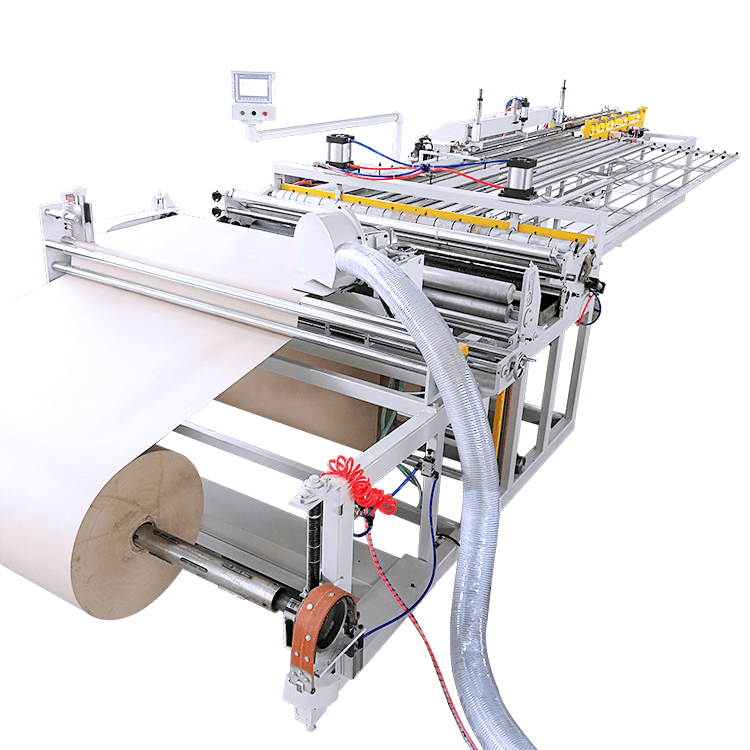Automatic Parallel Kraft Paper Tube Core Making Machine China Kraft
################
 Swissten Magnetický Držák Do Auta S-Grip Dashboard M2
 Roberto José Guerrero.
################
• [EXERCISE] From the entries above, write out only the lines starting at the line that holds "Swissten Magnetický Držák" and ending at the line that holds "Roberto José Guerrero.", keeping both and matching them exactly.

• [OUTPUT BELOW]
 Swissten Magnetický Držák Do Auta S-Grip Dashboard M2
 Roberto José Guerrero.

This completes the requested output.